RECORDS SHOWN:
--- START ---

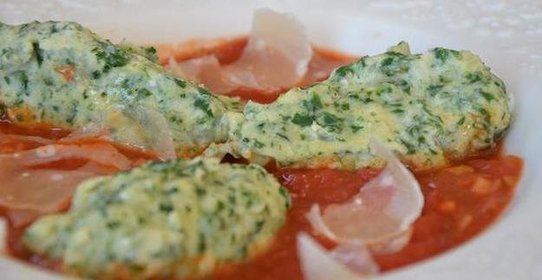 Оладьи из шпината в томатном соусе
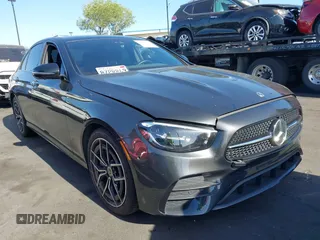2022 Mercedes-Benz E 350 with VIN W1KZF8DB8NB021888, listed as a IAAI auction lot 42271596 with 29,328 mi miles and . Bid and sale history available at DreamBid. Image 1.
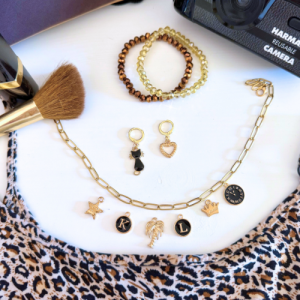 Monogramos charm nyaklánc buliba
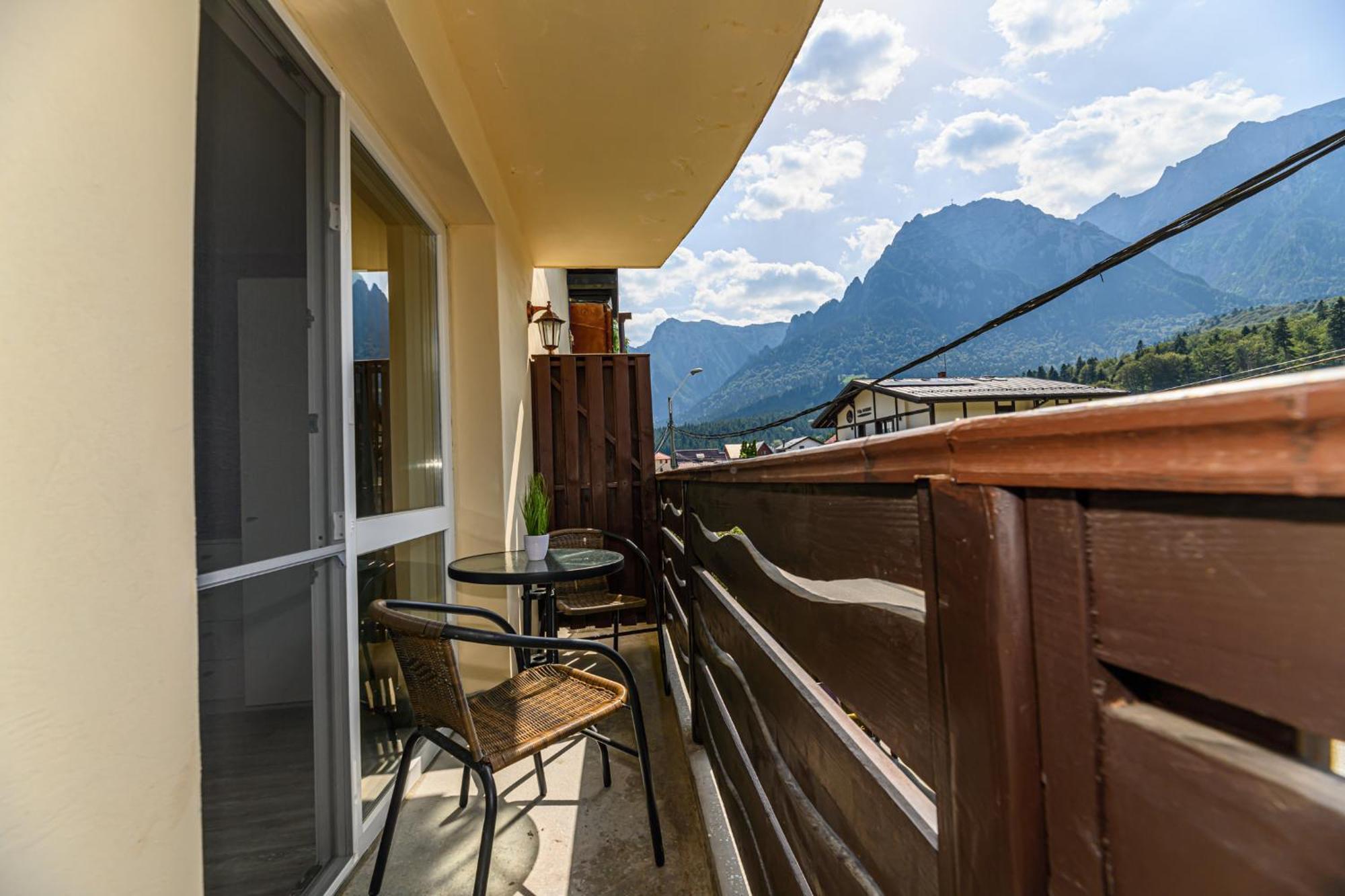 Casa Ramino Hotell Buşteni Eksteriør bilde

--- END ---
--- START ---

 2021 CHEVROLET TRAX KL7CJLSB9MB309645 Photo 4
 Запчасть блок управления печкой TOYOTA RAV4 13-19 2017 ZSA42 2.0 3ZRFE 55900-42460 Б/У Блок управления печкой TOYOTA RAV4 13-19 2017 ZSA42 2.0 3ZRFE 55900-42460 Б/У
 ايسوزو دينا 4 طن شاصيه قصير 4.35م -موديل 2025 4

--- END ---

EXERCISE DESCRIPTION:
Among the entries above, locate the line with "2022 Mercedes-Benz E" and the line with "Casa Ramino Hotell Buşteni Eksteriør bilde". Give those two lines and all lines between them again, exactly, leaving out the pictures.

RESULT BELOW:
2022 Mercedes-Benz E 350 with VIN W1KZF8DB8NB021888, listed as a IAAI auction lot 42271596 with 29,328 mi miles and . Bid and sale history available at DreamBid. Image 1.
 Monogramos charm nyaklánc buliba
 Casa Ramino Hotell Buşteni Eksteriør bilde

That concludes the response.